==== Working data

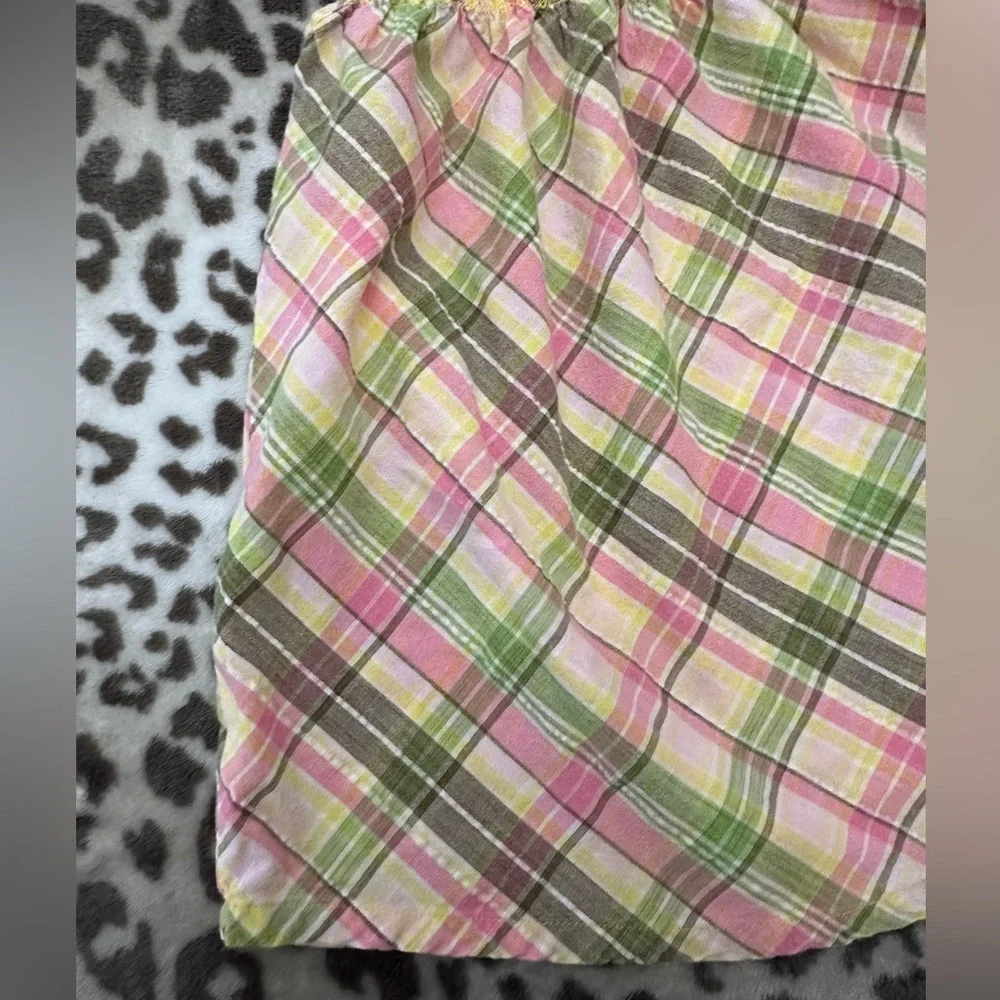 Old Navy Plaid Sundress in Yellow Pink Green Brown Size  Baby Large 12-18 months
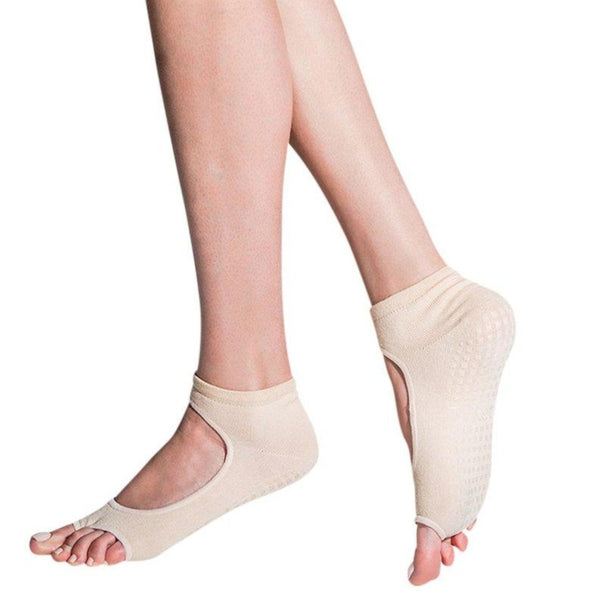 allegro style open toe grip socks in the lightest nude color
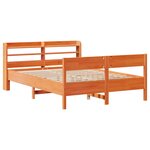 vidaXL Cadre de lit sans matelas cire marron 140x190cm bois pin massif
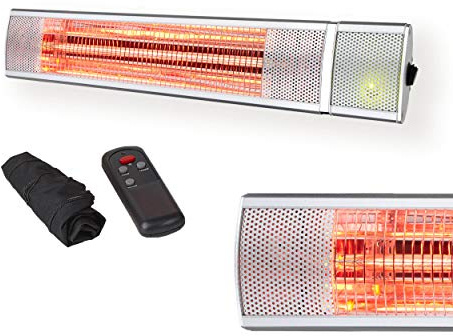 KIASA - 2000W Electric Gold Infrared Outdoor Garden Patio Heater, IR Wall or Ceiling Mount - IP55 Bathroom Heater Bar - Remote Control – (Free Cover Included) - 3 Heat Settings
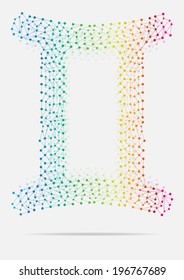 Linked Multicolor Zodiac Gemini. Vector illustration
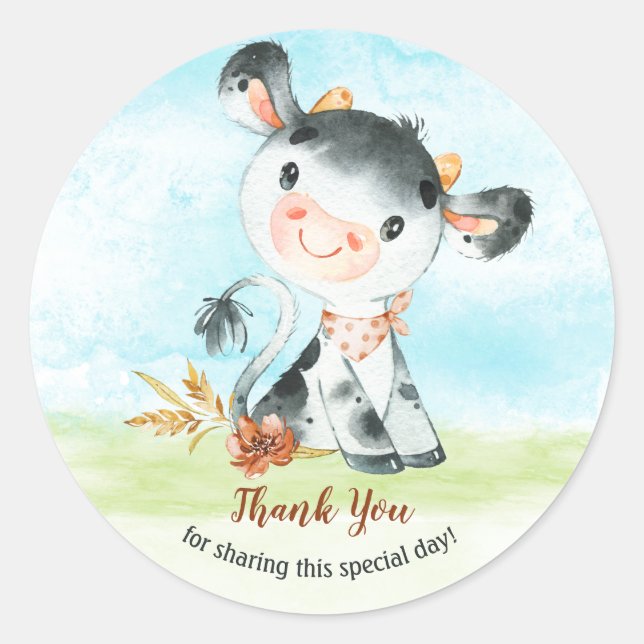Pegatina Redonda Agradecimiento de Baby Shower de vaca acuarela (Anverso)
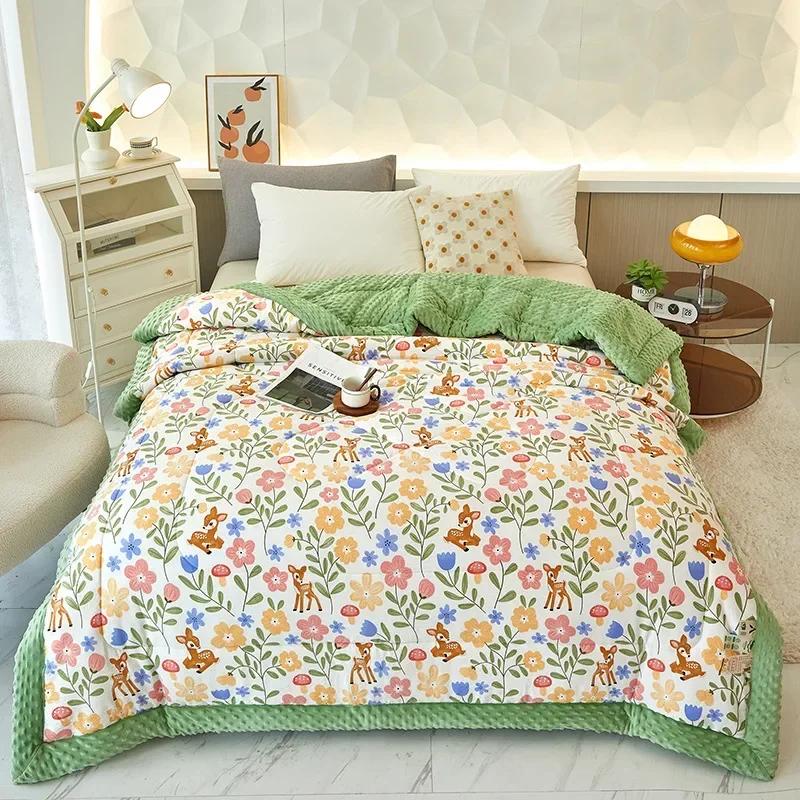 2023 New Doudou Rong Quilt Winter Thickened Children's Dormitory Single Double Quilt Core Double Sided Dual Use Winter Quilt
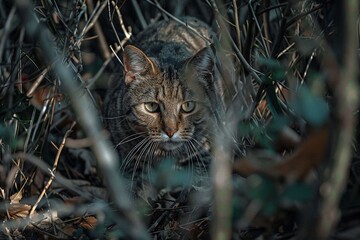 A stealthy cat stalking its prey in the underbrush, showcasing natural hunting instincts in a blend of documentary and editorial photography style - obrazy, fototapety, plakaty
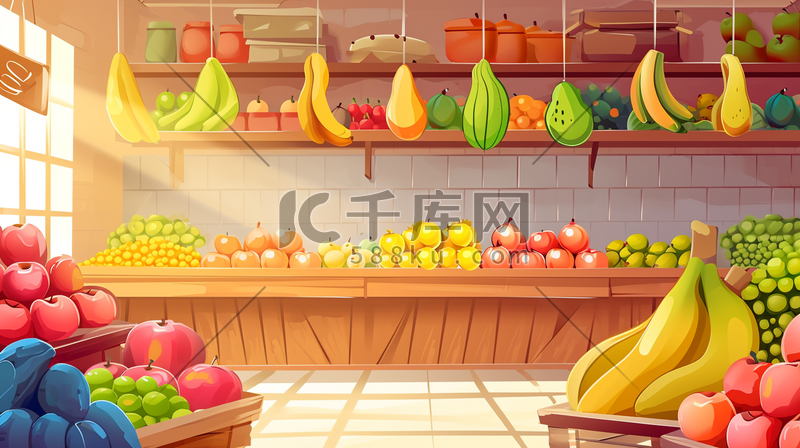 手绘精致水果店各种各样水果插画5图片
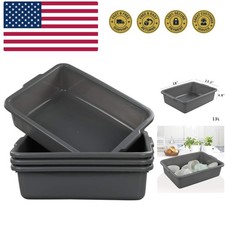 4-Pack Bus Tubs, Commercial Tote Box, Plastic Bus Box 13 L Capacity, Grey
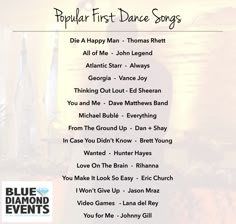 Popular First Dance Songs | Blue Diamond Events | (573)567-0016 | Servicing Mid-MO & Beyond | Se habla Español Wedding Ceremony Music Playlist, First Dance Wedding Songs, Wedding Dress, Wedding Country, Country Weddings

========

= The problem =
All of the records should be output exactly as they stand, with pictures omitted.

= Result of this exercise =
 Old Navy Plaid Sundress in Yellow Pink Green Brown Size  Baby Large 12-18 months
 allegro style open toe grip socks in the lightest nude color
 vidaXL Cadre de lit sans matelas cire marron 140x190cm bois pin massif
 KIASA - 2000W Electric Gold Infrared Outdoor Garden Patio Heater, IR Wall or Ceiling Mount - IP55 Bathroom Heater Bar - Remote Control – (Free Cover Included) - 3 Heat Settings
 Linked Multicolor Zodiac Gemini. Vector illustration
Pegatina Redonda Agradecimiento de Baby Shower de vaca acuarela (Anverso)
 2023 New Doudou Rong Quilt Winter Thickened Children's Dormitory Single Double Quilt Core Double Sided Dual Use Winter Quilt
 A stealthy cat stalking its prey in the underbrush, showcasing natural hunting instincts in a blend of documentary and editorial photography style - obrazy, fototapety, plakaty
 手绘精致水果店各种各样水果插画5图片
 4-Pack Bus Tubs, Commercial Tote Box, Plastic Bus Box 13 L Capacity, Grey
 Popular First Dance Songs | Blue Diamond Events | (573)567-0016 | Servicing Mid-MO & Beyond | Se habla Español Wedding Ceremony Music Playlist, First Dance Wedding Songs, Wedding Dress, Wedding Country, Country Weddings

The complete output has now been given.